- Taifa Kingdom of Murcia, c. 1037.
- Capital: Murcia
- Common languages: Arabic, Mozarabic, Ladino, Berber
- Religion: Islam, Christianity (Roman Catholic), Judaism
- Government: Monarchy
- Historical era: Middle Ages
- • Downfall of Caliphate of Córdoba: 1011
- • To Almeria/Valencia: 1014–1038 / 1038–1065
- • To Seville/Almoravids: 1078–1091 / 1091–1145
- • To Valencia: 1145–1147
- • To the Almohads: 1172–1228
- • Annexed by Castile: 1266
- Currency: Dirham and Dinar
| Preceded by | Succeeded by |
| / Caliphate of Cordoba | Taifa of Seville / ; Kingdom of Murcia / |

= Taifa of Murcia =

Arab taifa of Al-Andalus

The Taifa of Murcia (طائفة مرسية) was an Arab taifa of medieval Al-Andalus, in what is now southern Spain. It became independent as a taifa centered on the Moorish city of Murcia after the fall of the Umayyad Caliphate of Córdoba (11th century). The Moorish Taifa of Murcia included Albacete and part of Almería as well.
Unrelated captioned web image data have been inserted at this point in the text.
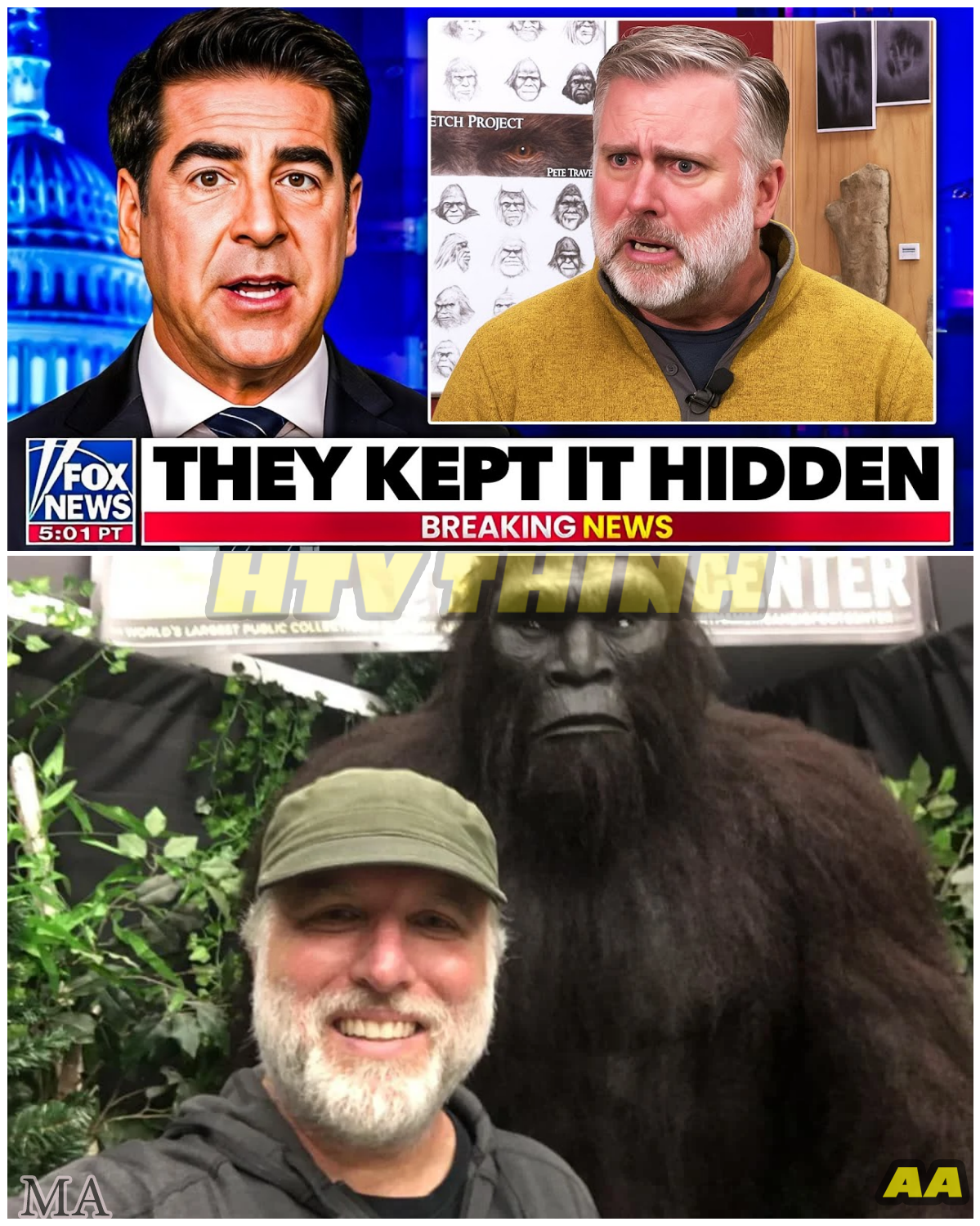  “Breaking the Silence: Cliff Barackman’s Explosive Revelation Stuns the Finding Bigfoot World — The Truth No One Was Supposed to Hear ” - News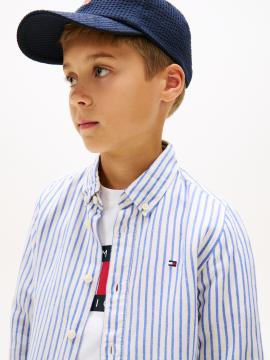 Afbeelding voor product Hemd van het merk Tommy Jeans in het Blauw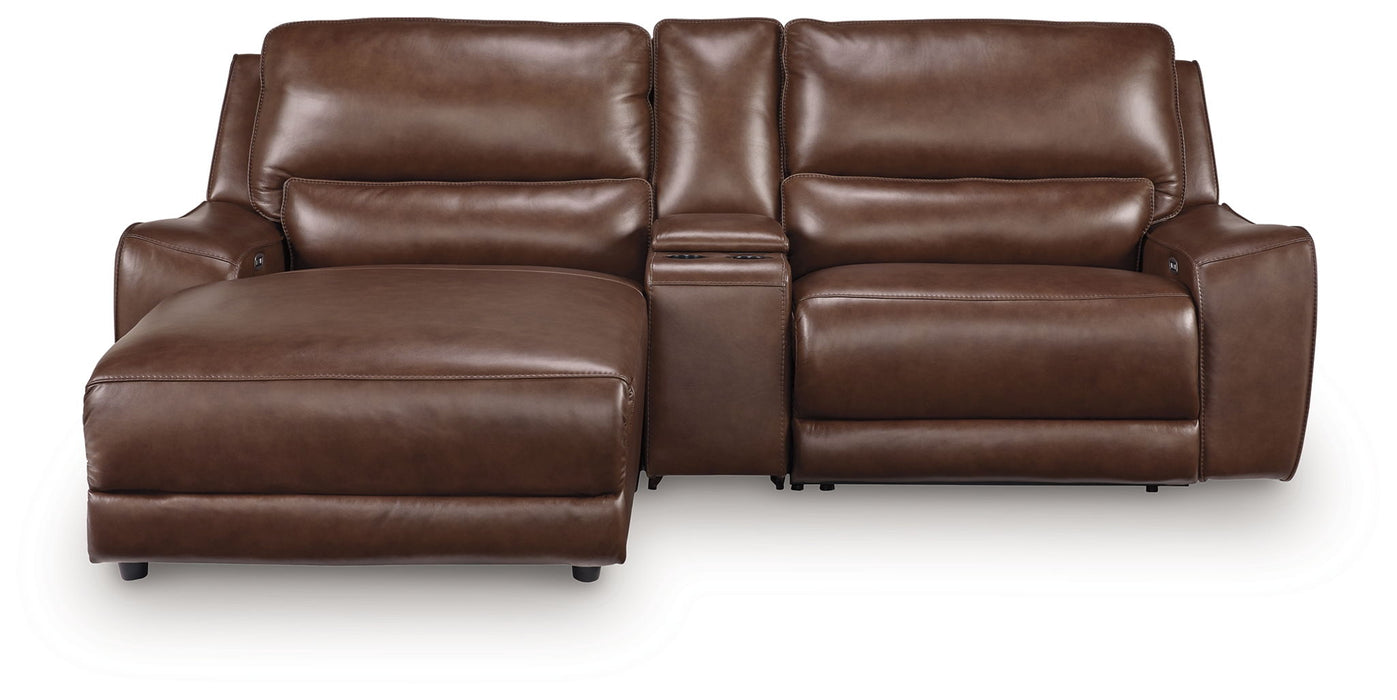 DeepWakes - Power Reclining Sectional - Simple Home Plus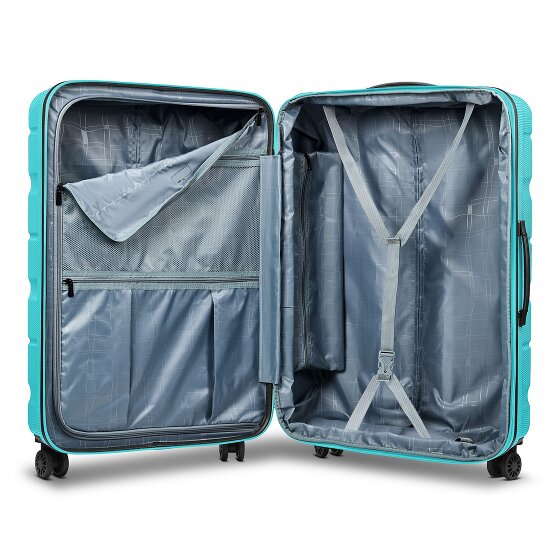 Franky Munich 4.0 4 wheels Suitcase set 3-piece Expandable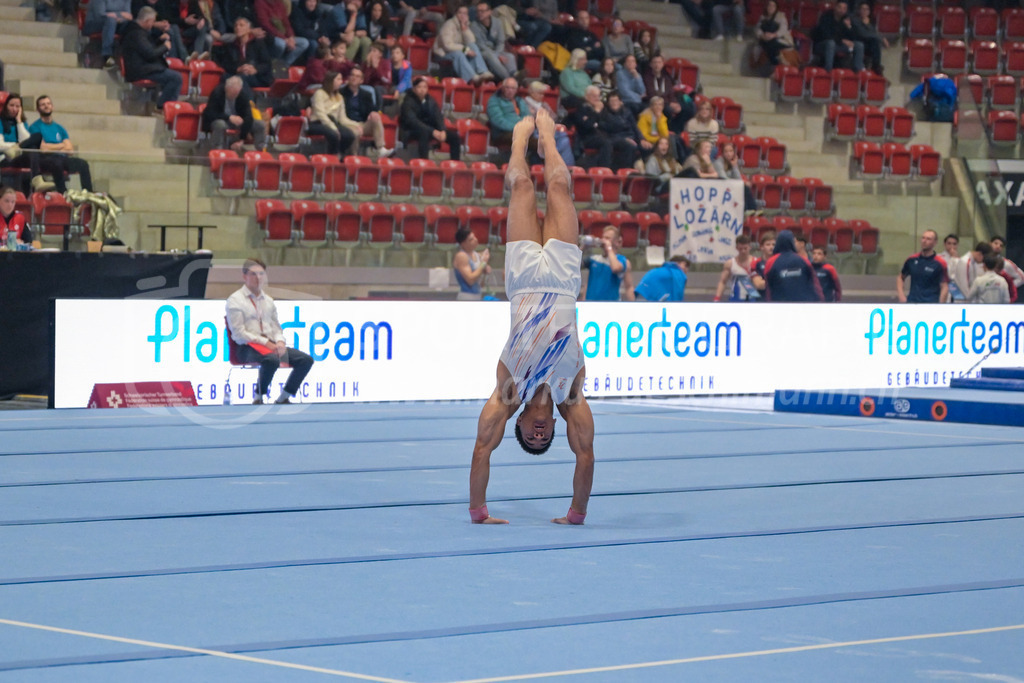 Schweizer Meisterschaften Kunstturnen Mannschaften Männer (B) - 22. November 2025 | Schweizer Meisterschaften Kunstturnen Mannschaften Männer (B)AXA Arena, WinterthurBild: Sportfotografie Markus Aeschimann | www.markus-aeschimann.ch - Realisiert mit Pictrs.com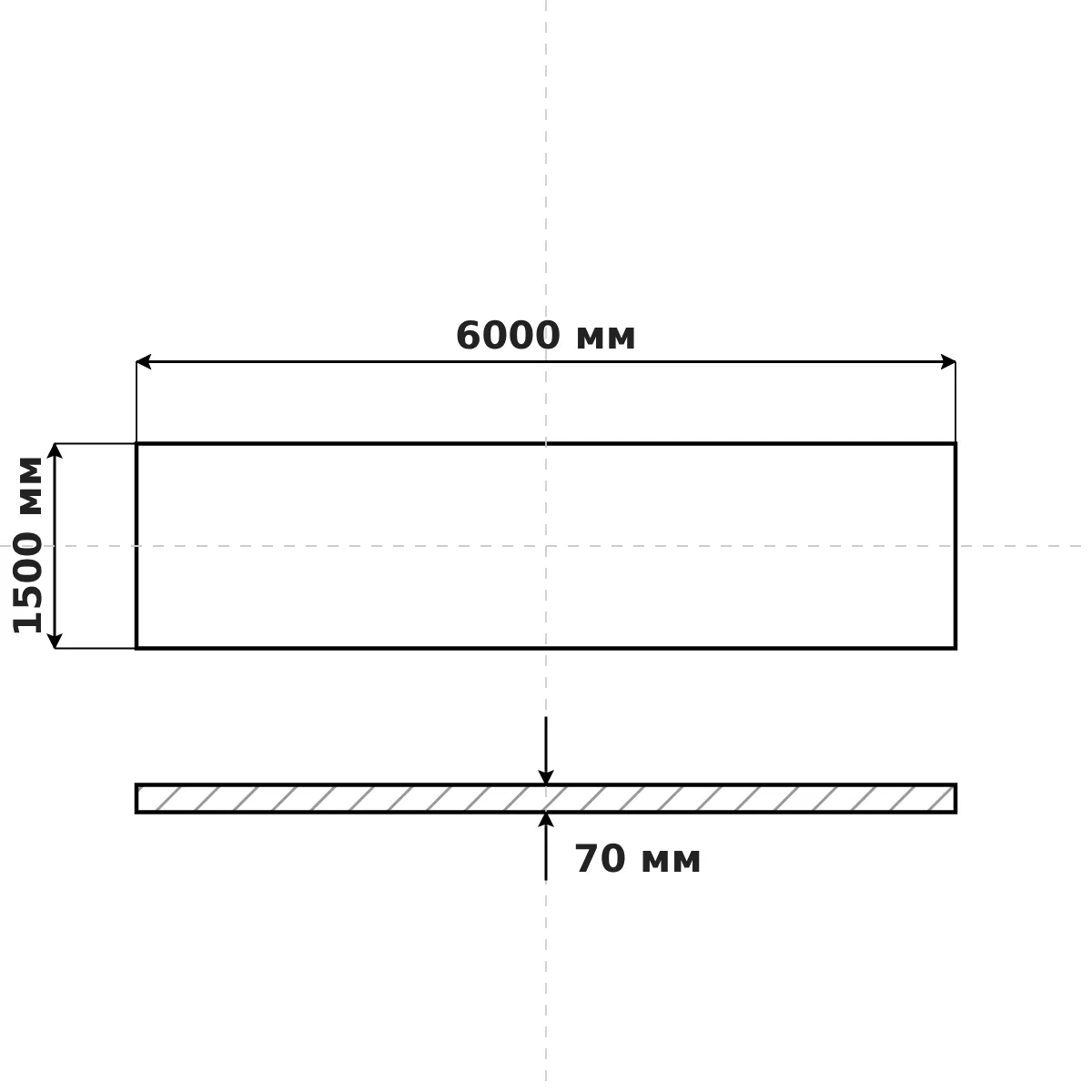 Лист 70мм ст.3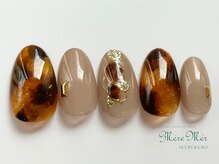 パラジェル認定サロン メールメール 池袋店(MereMer)/べっ甲ネイル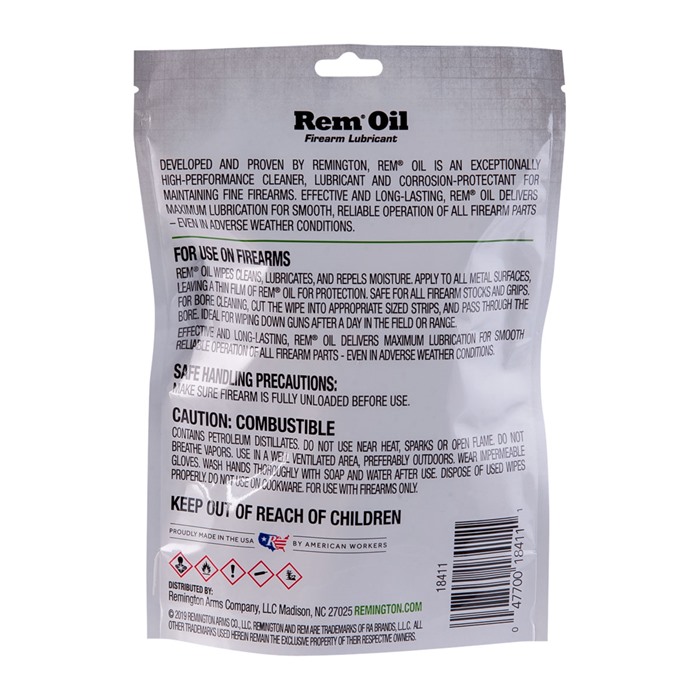 REMINGTON - REM OIL WIPES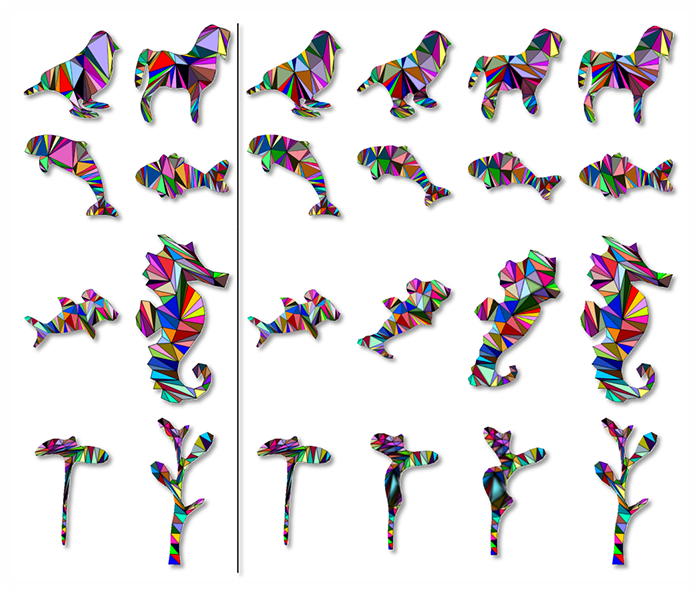 High Quality Compatible Triangulations for Planar Shape Animation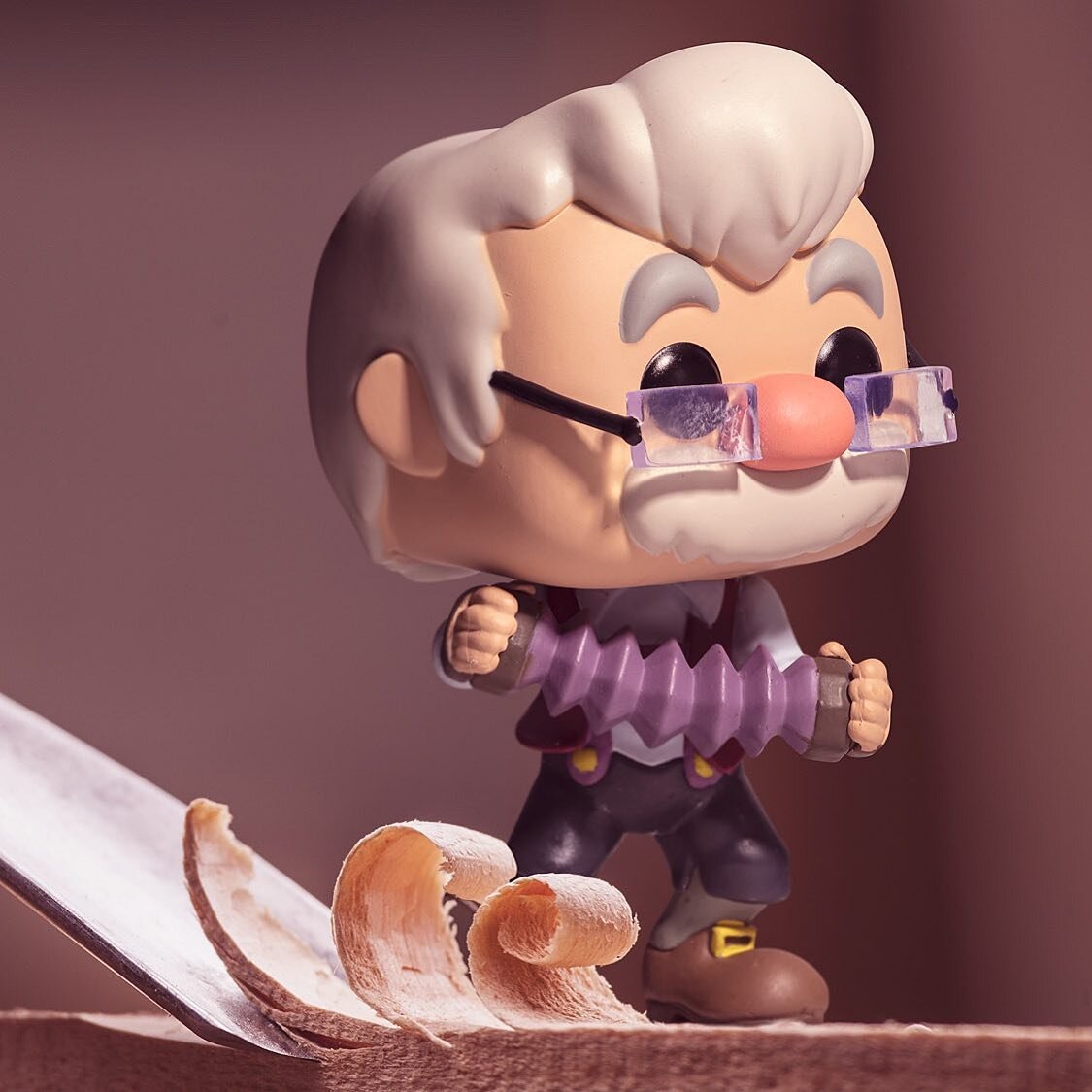 Who&rsquo;s excited about next week&rsquo;s Pinocchio release? Here&rsquo;s Geppetto, latest addition to our Disney highlight section.

&mdash;&mdash;&mdash;&mdash;&mdash;&mdash;&mdash;&mdash;&mdash;&mdash;&mdash;
🍽 @darksidepoa
📸 @darksidegallerie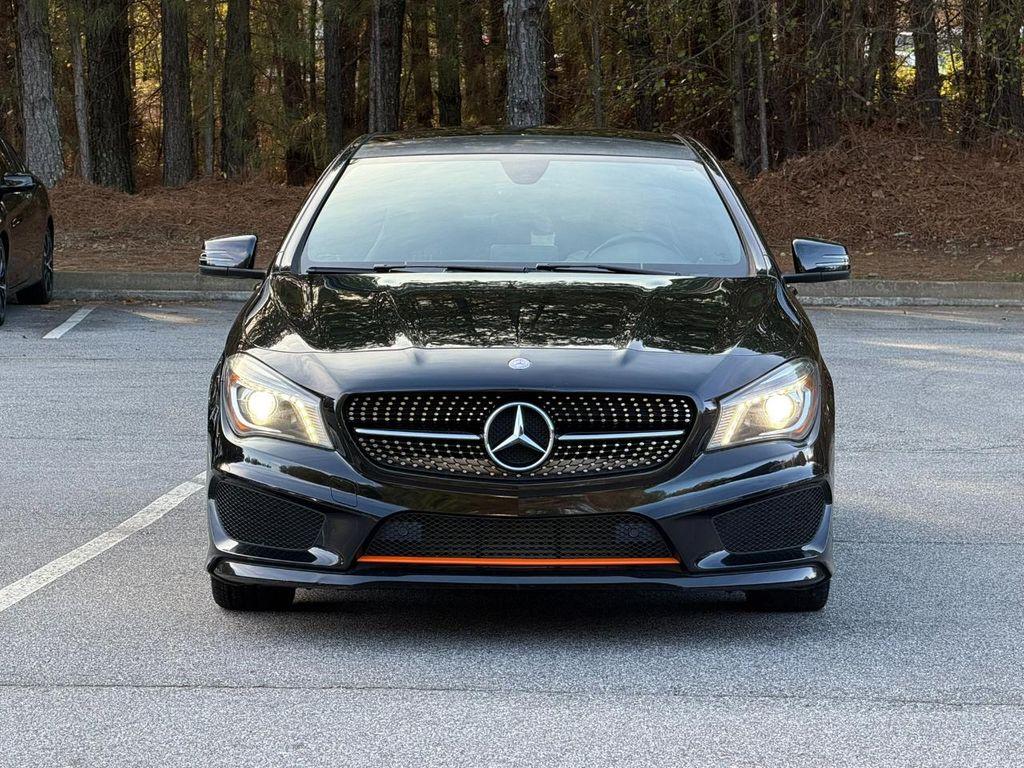 used 2016 Mercedes-Benz CLA-Class car, priced at $16,995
The taifa is apparently the one that existed the greatest number of separate time periods (five): from 1011 to 1014, from 1065 to 1078, in 1145, from 1147 to 1172 and finally from 1228 to 1266 when it was absorbed by Castile, becoming the Kingdom of Murcia, one of the constituent kingdoms of the Crown of Castile.

==History==
===Foundation===
In the year 713, only two years after the Moorish invasion of the Peninsula, the emir Abd al Aziz occupied the province. Murcia was founded with the name of Medīnah Mursīyyah in A.D. 825 by Abd ar-Rahman II, emir of Al-Andalus. The Moors, taking advantage of the course of the river Segura, created a complex network of irrigation channels that made the town prosperous and is the predecessor of the modern irrigation system. The traveller Muhammad al-Idrisi described it in the 12th century as populous and strongly fortified.

===Establishment of the kingdom===
After the fall of the Caliphate of Cordoba in 1031, Murcia passed successively under the rule of Almería, Toledo and Seville. From 1078 until 1091 it was under the forcible control of Seville, by Abbad II al-Mu'tadid.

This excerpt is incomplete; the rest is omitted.